▶ Data:
-- -- --

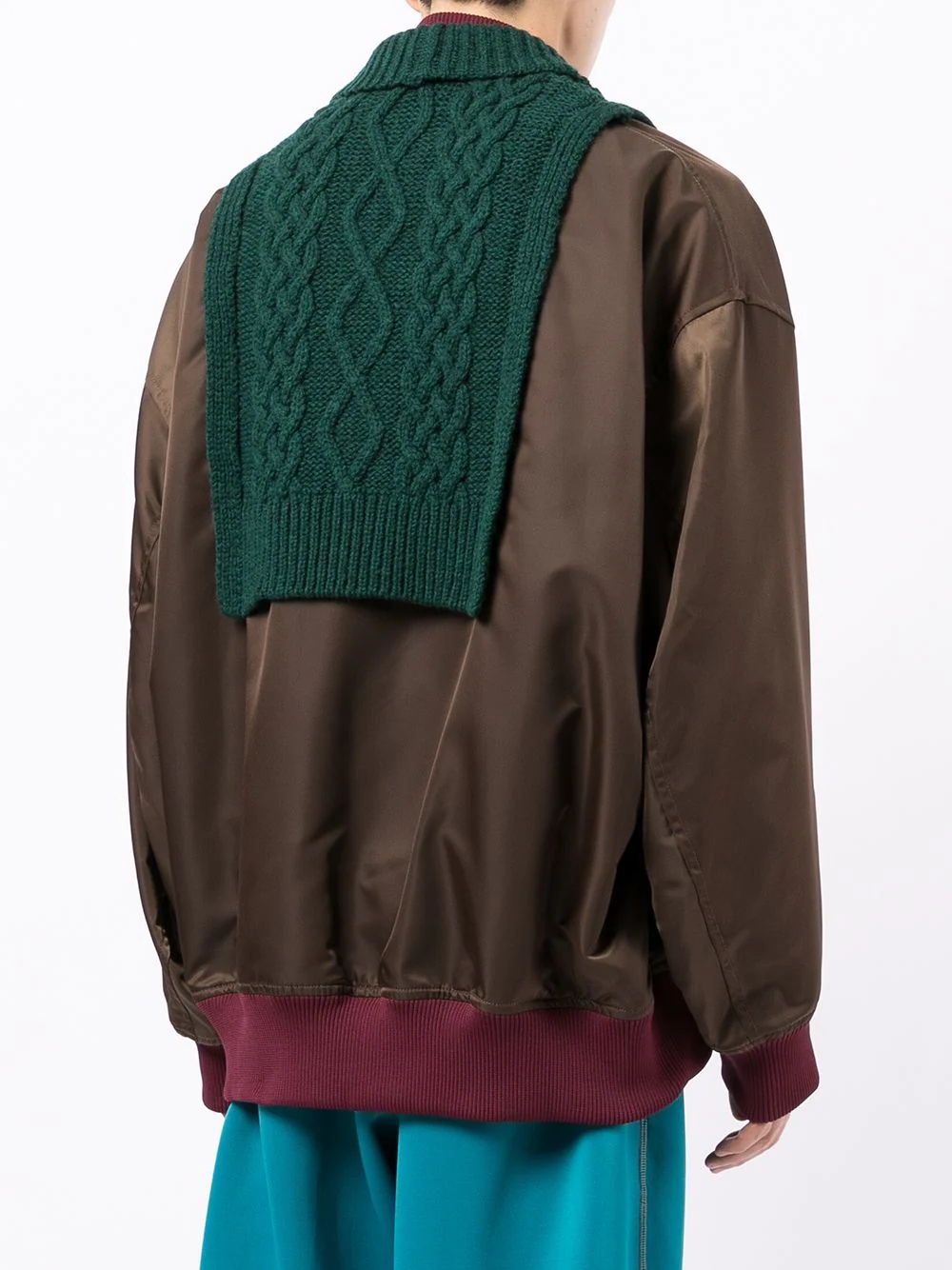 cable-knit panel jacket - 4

-- -- --

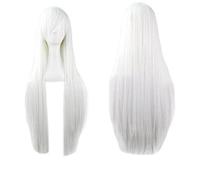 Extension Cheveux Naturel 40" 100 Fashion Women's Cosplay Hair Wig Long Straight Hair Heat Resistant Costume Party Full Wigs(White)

-- -- --

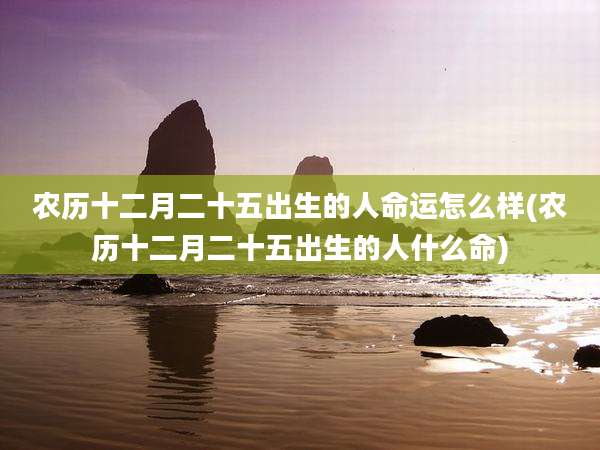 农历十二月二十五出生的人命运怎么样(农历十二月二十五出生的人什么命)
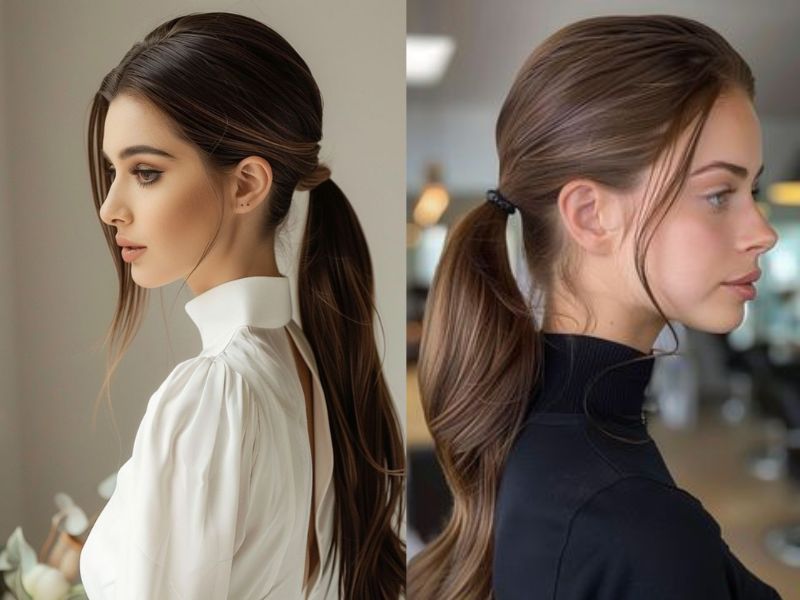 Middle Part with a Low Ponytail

-- -- --

▶ Work instruction: Give back, exactly and without pictures, the stretch of the records above from the line containing "农历十二月二十五出生的人命运怎么样(农历十二月二十五出生的人什么命)" through the line containing "Middle Part with a Low Ponytail", with both end lines included.

▶ Output below:
 农历十二月二十五出生的人命运怎么样(农历十二月二十五出生的人什么命)
 Middle Part with a Low Ponytail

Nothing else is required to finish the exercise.